FIG. 10 is a flowchart graphically depicting an automatic play reproduction process performed by the electronic musical instrument according to the present invention.
DETAILED DESCRIPTION OF THE PREFERRED EMBODIMENT
The preferred embodiment of an electronic musical instrument according to the present invention will now be described while referring to the accompanying drawings.
FIG. 1 is a schematic block diagram illustrating the essential arrangement of an electronic musical instrument according to the present invention.
As shown in FIG. 1, the electronic musical instrument of the present invention comprises: internal tone generating means 3, which includes a keyboard scan section 1 that serves as a keyboard tone generator, and an automatic play data reading section 2 that serves as an automatic play data generator; a local-on play function that performs tone production in consonance with tone data generated by the internal tone generating means 3; a local-off play function that externally outputs an MIDI signal but does not perform tone production in consonance with tone data generated by the internal tone generating means 3; a channel assignment memory 4, the first tone channel assignment section, that is employed, when the local-on play function is selected, to store channels corresponding to tone data generated by the internal tone generating means 3 for each of the tone data; a tone-on channel assignment section 5, as tone-on channel assigning means, that employs tone information stored in the channel assignment memory 4 to specify a channel corresponding to tone data generated by the internal tone generating means 3; tone generator 6, as tone generating means, that is connected to the tone-on channel assignment section 5 to produce a musical tone in consonance with tone data received from the tone-on channel assignment section 5; an MIDI ON tone memory 7, as the second tone information storage means, that is employed, when the local-off play function is selected, to sequentially store the ON/OFF states of tone data generated by the internal tone generating means 3 for each of the tone data; a local-off map preparation section 8, as a local-off tone data control means, that outputs, as tone data for an MIDI signal, tone data generated by the internal tone generating means 3 but does not perform either tone-on channel assignment or tone production in consonance with the tone data; and an MIDI signal output section 9, as MIDI signal output means, that is connected to the tone-on channel assignment section 5 and the local-off map preparation section 8 to output, as an MIDI signal, tone data both from the tone-on channel assignment section 5 and tone data from the local-off map preparation section 8.
The individual components of the electronic musical instrument of the present invention are connected as is shown in FIG. 1 and as is described below.
When the local-off play function is selected and the state of the ACC is OFF, the keyboard scan section 1, of the internal tone generating means 3, is connected with and sends tone data to the MIDI signal output section 9.
When the local-off play function is selected and the state of the ACC is ON, the keyboard scan section 1 is connected with and sends tone data to the local-off map preparation section 8.
Further, when the local-on play function is selected, the keyboard scan section 1 is connected with and sends the tone data to the tone-on channel assignment section 5.

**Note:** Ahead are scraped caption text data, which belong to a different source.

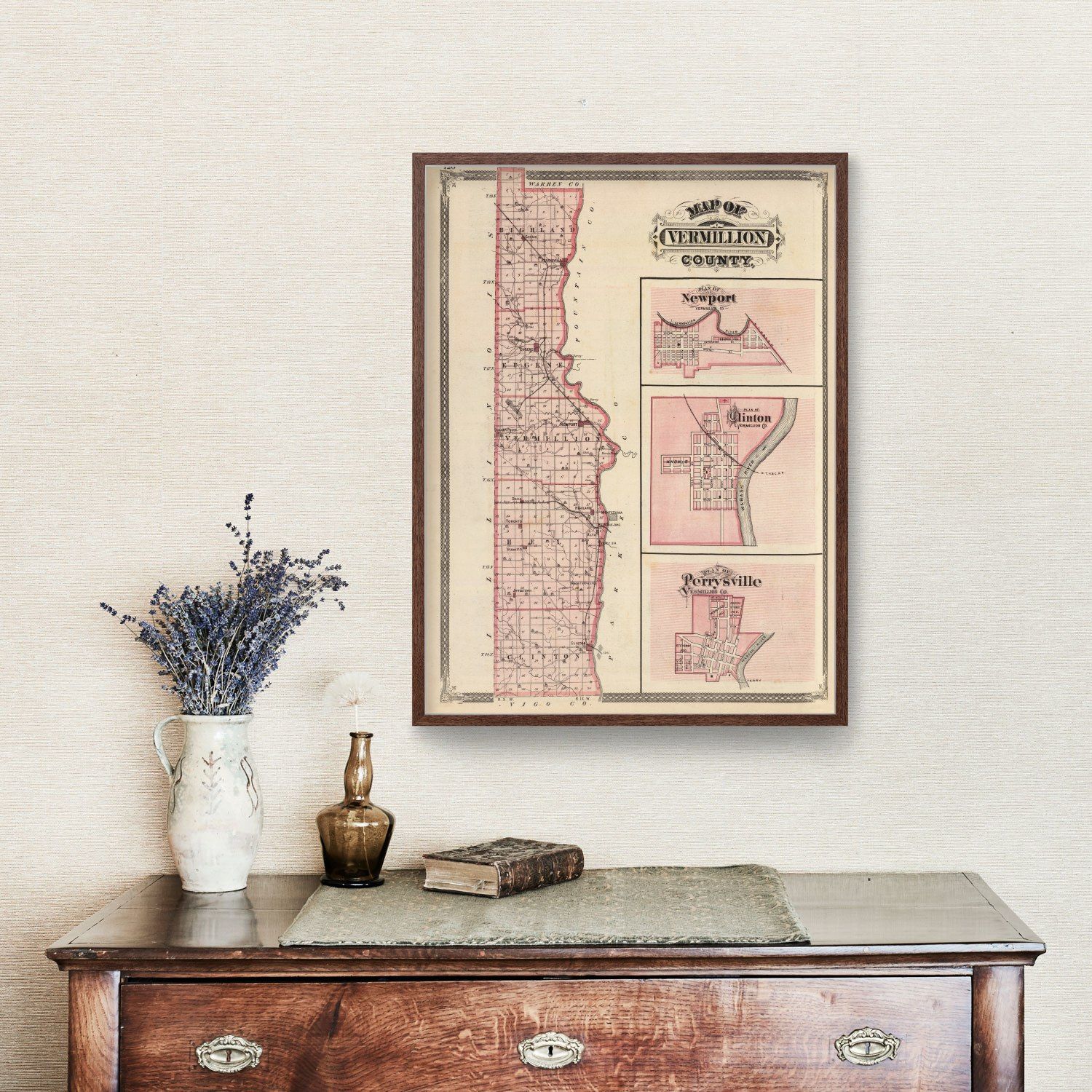 Vintage Map of Vermillion County, Indiana 1876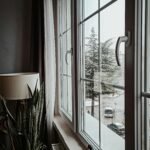 A serene indoor setting with plants by a window, overlooking a snowy outdoor scene.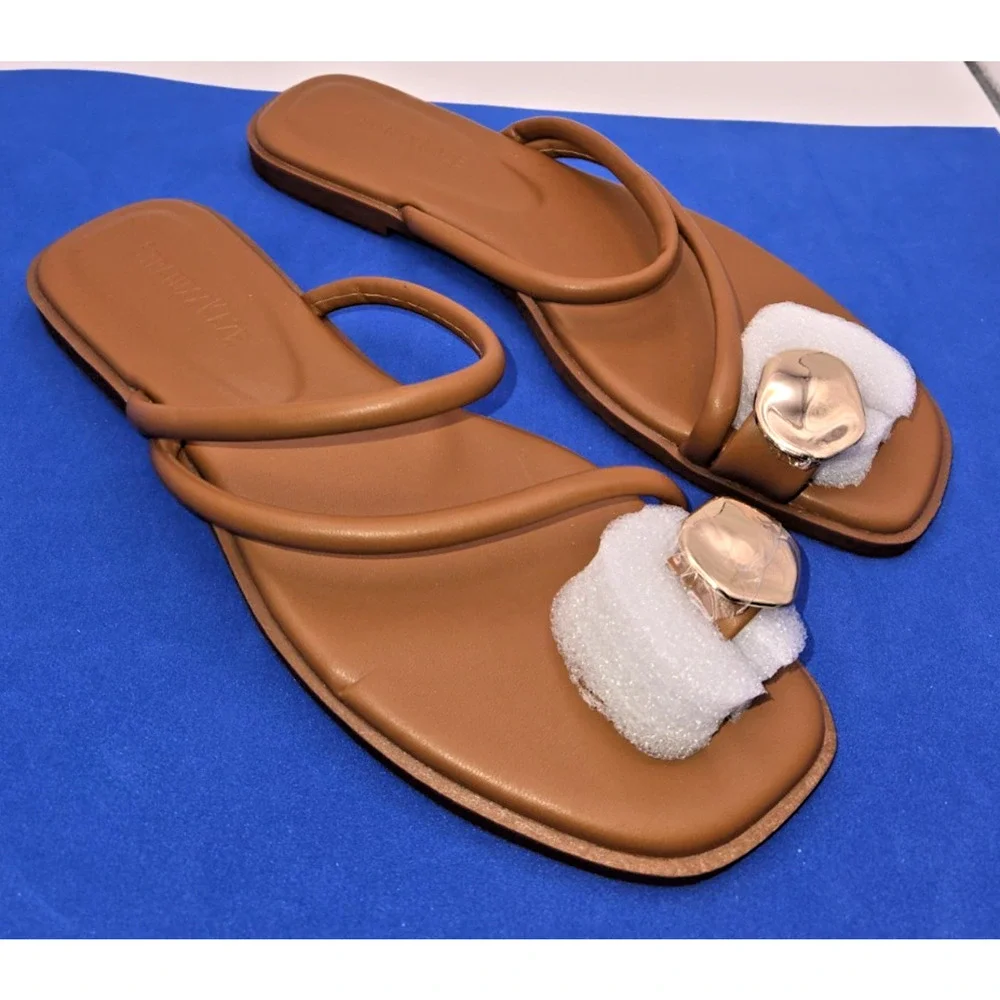 Womens Brown Slide Sandals Size 7 Gold Accent Flat Slip On NEW No Box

When the local-off play function is selected, the automatic play data reading section 2, of the internal tone generating means 3, is connected with and sends tone data to the local-off map preparation section 8.
And when the local-off play function is selected, the automatic play data reading section 2 is connected with and sends tone data to the tone-on channel assignment section 5.
A panel operation section 10 is connected to the tone-on channel assignment section 5 and the local-off map preparation section 8 for the selection and control of these sections.
The channel assignment memory 4 is connected with the tone-on channel assignment section 5. Tone-on channels that correspond to tone data generated by the internal tone generating means 3 are stored in the channel assignment memory 4, and when the internal tone generating means 3 transmits various tone data, a tone-on channel for that tone data is specified.
When the local-off play function is selected, the tone-on channel assignment section 5 is further connected with and sends the tone data to the MIDI signal output section 9.
The tone-on channel assignment section 5 and the channel assignment memory 4 are connected with the tone generator 6. When the local-on play function is selected, tone production is performed in consonance with data for tone-on channels that correspond to tone data from the tone-on channel assignment section 5 or the tone data from the channel assignment memory 4.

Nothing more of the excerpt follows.